Clinical characteristics of the patients of the four cohorts (Active Surveillance, Prodrome, ProstateX and PCMM) included in this study. Tumorr volume values are presented as median (interquartile range). PZ: peripheral zone. TZ: transition zone. ISUP: International Society of Urological Pathology. GSA: Gleason Score. PSA: Prostate Specific Antigen. NA: not available. (*) The ISUP grade per lesion was not available for ProstateX challenge, the ground truth provided for this set indicated whether the lesion had ISUP grade ≥ 1.
| Training Cohort | Testing Cohort | |||
|---|---|---|---|---|
| Patient Cohort | Active Surveillance | Prodrome | ProstateX * | PCMM |
| Total Number of patients | 271 | 100 | 195 | 78 |
| Patients with a lesion ISUP grade = 1 | 155 | 68 | 128 | 28 |
| Patients with a lesion ISUP grade ≥ 2 | 116 | 32 | 67 | 50 |
|
| 233 | 104 | 328 | 156 |
| ISUP grade 1 | 100 | 52 | 254 | 77 |
| ISUP grade ≥ 2 | 133 | 52 | 74 | 79 |
| ISUP grade 2 | 124 | 45 | NA | 68 |
| ISUP grade 3 | 3 | 6 | NA | 8 |
| ISUP grade 4 & 5 | 6 | 1 | NA | 3 |
| Lesions in PZ | 150 | 60 | 191 | 104 |
| Lesions in TZ | 33 | 41 | 82 | 49 |
| Lesions in other zones (central, anterior stroma) | 38 | 3 | 55 | 3 |
| Lesion volume (mL) | 0.3(0.2–0.8) | 0.61 (0.3–1.0) | 1.42 (1.4–3.2) | 0.80 (0.2–1.1) |
| Prostate Volume(mL) | 43.1 (30.5–76.2) | 50. (33–67) | NA | NA |
| Age (year) | 67 ± 7 | 68 ± 4 | NA | NA |
| PSA(mean ± std ng/mL) | 10 ± 6 | 12 ± 4 | NA | 9 ± 7 |
Figure 2ROC curves of the deep-learning (blue) and radiomics (orange) models on the interval validation on Active Surveillance.
Deep-learning- and radiomics-model performances on the training set (Active Surveillance) and on the external sets (Prodrome, ProstateX and PCMM). DL: deep learning. AUC: Area under the curve.
| Active Surveillance | Prodrome | ProstateX | PCMM | |||||
|---|---|---|---|---|---|---|---|---|
| Metrics | DL | Radiomics | DL | Radiomics | DL | Radiomics | DL | Radiomics |
| AUC | 0.89 | 0.83 | 0.70 | 0.88 | 0.73 | 0.91 | 0.44 | 0.65 |
| Accuracy | 0.76 | 0.63 | 0.58 | 0.78 | 0.71 | 0.85 | 0.52 | 0.55 |
| Sensitivity | 0.85 | 1.00 | 0.72 | 1.00 | 0.70 | 0.72 | 0.70 | 0.44 |
| Specificity | 0.52 | 0.54 | 0.51 | 0.68 | 0.71 | 0.94 | 0.18 | 0.71 |
| F1-score | 0.74 | 0.66 | 0.52 | 0.78 | 0.65 | 0.85 | 0.66 | 0.55 |
Figure 3ROC curves of the deep-learning (blue) and radiomics (orange) models when evaluated on the test sets: (a) Prodrome, (b) ProstateX and (c) PCMM.
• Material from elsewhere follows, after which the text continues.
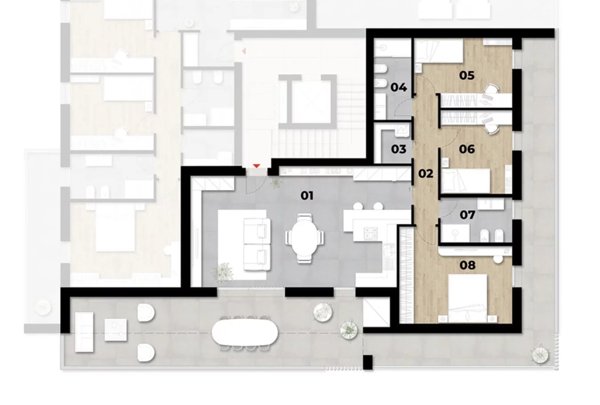 appartamento in vendita a Piove di Sacco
Figure 4All images show the same axial slice as 2D view of mpMR images (a,e T2w images; b,f DWI b800; c,g ADC map) of the prostate with the reference ground truth (d) and the segmented PCa lesion by the deep-learning model (h) (A) Example of a true positive case (PSA = 17.6; prostate volume = 46 cc; ISUP grade = 2 (up) and 3 (down)). The ground truth is shown in overlay (red) as delineated by the radiologist and proven by targeted biopsy as significant PCa. The segmented significant-PCa lesion by the deep-learning model is shown in overlay (pink). (B) Example of a false negative case (ISUP grade = 2). The ground truth is shown in overlay (red) as delineated by the radiologist and proven by targeted biopsy as significant PCa. The deep-learning model has not segmented any PCa lesion. (C) Example of a false positive case (ISUP grade = 1). The images show no delineation due to the absence of significant PCa, the region delineated by the radiologist (not shown) proved by targeted biopsy as insignificant PCa. The lesion segmented incorrectly by the deep-learning model is shown in overlay (pink).